Thursday : 2015.01.01

  • 06:50 MEH: clearing cannot build growth curve to help finish up nightly
    warptool -dbname gpc1 -updateskyfile -fault 0 -set_quality 42 -warp_id 1325779 -skycell_id skycell.2349.067
    warptool -dbname gpc1 -updateskyfile -fault 0 -set_quality 42 -warp_id 1326202 -skycell_id skycell.2241.063
    
  • 06:55 MEH: also diff VectorFitPolynomial?1DOrd fault
    difftool -updatediffskyfile -fault 0 -set_quality 42 -diff_id 629740 -skycell_id skycell.1880.056 -dbname gpc1
    
  • 11:00 MEH: ippmd now focused on stacks -- ~ippmd/deepstack/ptolemy.rc, ~ippmd/stack/ptolemy.rc, if needing to stop since 10+ hr jobs, will need to kill ppStack jobs for ippmd
  • 20:40 MEH: looks like summitcopy could use a regular restart as well as registration
    • ipp090,093,095 not responding well with deep stacks and nightly summitcopy+registration..

Friday : 2015.01.02

  • 05:40 EAM : stdscience is sluggish (only ~100 jobs but should be many more). restarting.
  • 10:05 EAM : stdlocal is sluggish (~200k chip runs). restarting

Saturday : 2015.01.03

  • 20:48 EAM : last night, lightning from the Great Storm took out power in Kihei and cooling at MRTC-B. Haydn & Gavin shut the cluster down around 8pm.
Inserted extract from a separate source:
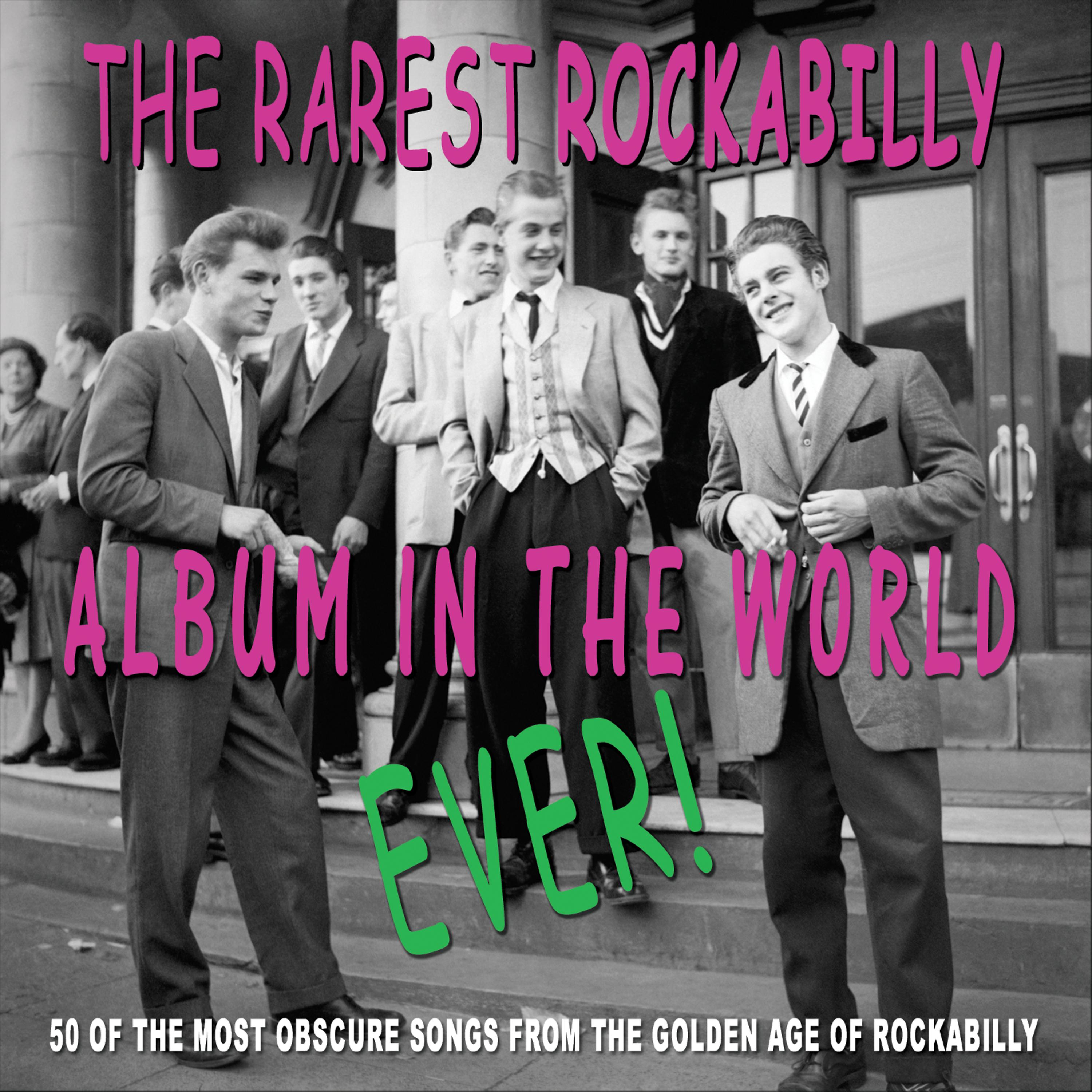 Постер альбома The Rarest Rockabilly Album In The World Ever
Today, they brought the cluster up over the course of the afternoon. At this point, all machines are back up. ippdb02 is behind 104ksec, ippdb06 is 1042ksec behind. I'm starting up stdlocal, but ippc38 is having some trouble: not mounting /export/ippc18.0 (homedir).
  • 22:30 MEH: will attempt to restart MD stacks then -- ~ippmd/deepstack/ptolemy.rc and long running
    • ipps00 required a password to log into once and then okay
    • ipp071 prompt for password but not accepted -- will not use

Sunday : YYYY.MM.DD

  • 06:40 EAM : ipp071 is exporting disk for nfs (looks fine), but since it cannot do logins, nebdiskd thinks it is down. it looks like it had some yp problems on boot; i'm rebooting now. UPDATE: no such luck -- same problem still. i cannot get in since i do not know the root password
  • 06:43 EAM : looks like ippc38 is working again (must have figured out whatever nfs problem it had).
  • 19:20 EAM : everything is currently shutdown ex. stdlocal which has run out of stuff to do (ipp071 offline is a problem). I'm starting up the stdscience pantasks so nightly processing is ready.